Bottom line: The inception of the tightening cycle in the US signals the end in the US of the critical phase ensuing the Great Recession. In the rest of the world however the normalization remains elusive. China’s appears to be slowly stabilizing on the back of recent monetary measures and more government spending, while Europe and Japan are struggling to revive growth. Emerging markets are dealing with lower commodity prices and dangerously high debts. The world economy in 2016 is unlikely to improve much from 2015, with modest growth in advanced economies offsetting persistent weakness elsewhere. As a consequence inflation and interest rates will stay low and commodity prices might see a rebound only in the summer. Risks are skewed to the downside as the global financial sector is fragile and vulnerable to shocks.
- Egypt plans to reduce subsidies to 30% of where they stood in Jul 2014 (as opposed to the previously announced removal of subsidies), according to the Prime Minister, on the back of lower oil prices and the discovery of a massive offshore gas field.
- Egypt’s central bank injected an unspecified amount of dollars into banks (based on the outstanding credit of banks) in special measure to ease shortage (following a meeting between the governor and President earlier this month); it also sold between USD 750mn-1bn in a dollar auction held last week.
- The Saudi King ordered that the country’s investments in Egypt exceed SAR 30bn, and also helping meet the latter’s petroleum needs for the next five years. No further details were given, but the deputy head of the Saudi-Egyptian Business Council stated that these funds were likely to go into infrastructure projects over the course of the next three years.
- Egypt’s Suez Canal revenue fell in Nov to USD 408.4mn, the lowest since Feb this year, and from USD 449.2mn in Oct.
- Investments of the private insurance funds in Egypt grew 8% yoy to EGP 43bn in 2014, according to the Chairman of the Egyptian Financial Supervisory Authority. The number of private insurance funds was at 625 and its total subscriptions were up 5.3% to EGP 5.2bn.
- Iraq‘s parliament approved last week the IQD 105.8 trillion budget; with revenues estimated at IQD 81.7 trillion and a deficit of IQD 24 trillion, the budget is based on projected oil exports of 3.6mn barrels per day at a price of $45 each.
- The IMF is expected to finalise an agreement with Iraq for a programme to monitor its economy, aimed at reining in spending and reducing Iraq’s budget deficit, within the next few weeks. This would establish a track record of effective performance for Iraq, which in turn could lead to a finance programme next year, according to a senior IMF official. Separately, an adviser to the Iraqi government squashed published newspaper reports of reduction in fuel subsidies, stating that the government had no such plans to lift subsidies as part of negotiations to secure a loan from the IMF.

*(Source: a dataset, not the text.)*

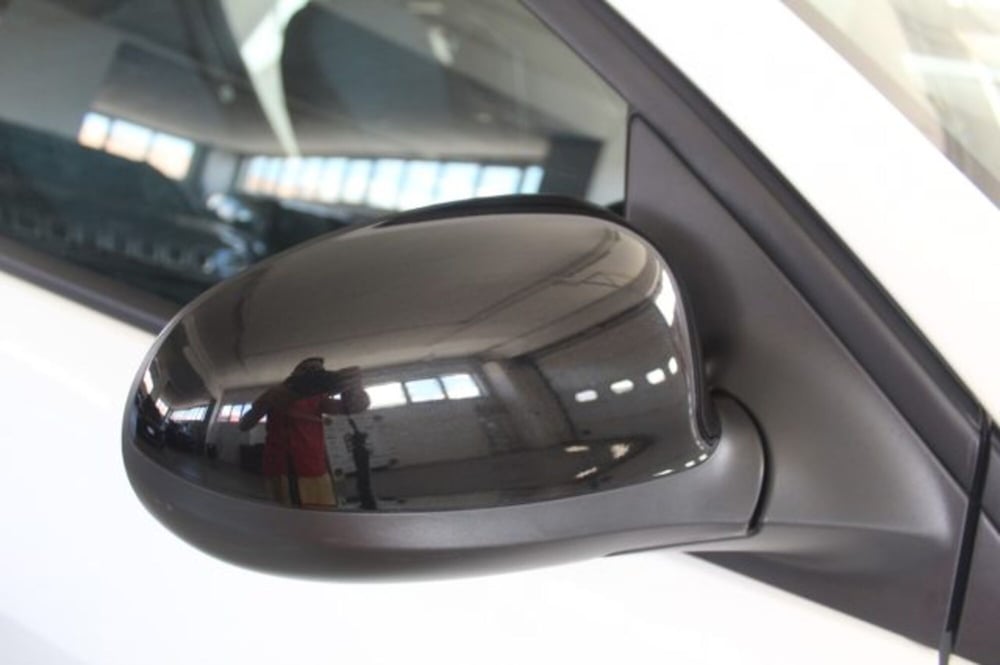 Lancia Ypsilon usata a Terni (18)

- Kuwait expects the actual 2015-16 budget deficit to be between KWD 5-6bn, as per the Finance Ministry Undersecretary, compared to the previous projection of KWD 8.18bn.

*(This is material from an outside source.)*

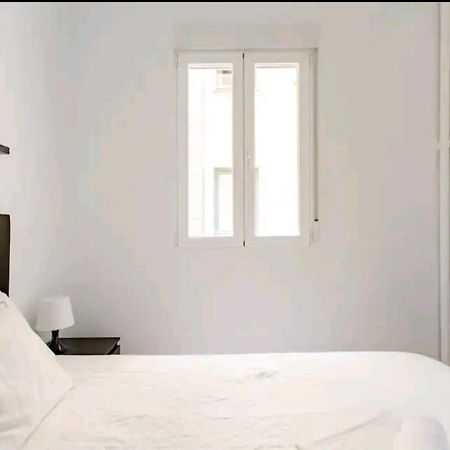 Comoda Habitacion Madrid Exterior photo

- Inflation in Kuwait registered a slight uptick to 3.2% yoy in Oct (Sep: 3.1%); core inflation also grew to 2.9% from 2.8% the month before.
- The European Bank for Reconstruction and Development (EBRD) approved Lebanon’s membership, enabling the country to become a recipient of EBRD investments at a later stage.
- Fitch maintained Lebanon’s long-term foreign and local currency Issuer Default Ratings at “B” with a “Negative” outlook, citing political risks exacerbated by the ongoing Syrian war, weak public finances and anemic economic performance.
- Oman’s consumer price inflation registered a decline of -0.55% yoy in Nov.
- Oman will privatise three state-owned companies next year, Finance Minister Darwish al-Balushi told Reuters, declining to give further details.
- Oman‘s crude oil production rose 3.1 % or by 995,708 barrels per day to 29.87mn barrels in Nov. Also, the country exported 24.61mn barrels during the same month, a daily export average of 820,206 barrels. Crude oil exports edged up 0.15 % mom in Nov.
- Qatar’s 2016 budget is expected to post a deficit of QAR 46.5bn, the first in 15 years, with revenues and expenditures budgeted at QAR 156bn and QAR 202.5bn respectively. Health, education and infrastructure accounts for 45.4% of the total, with allocation to infrastructure alone at 25% of the total; local and international debt issuances are expected to cover the deficit.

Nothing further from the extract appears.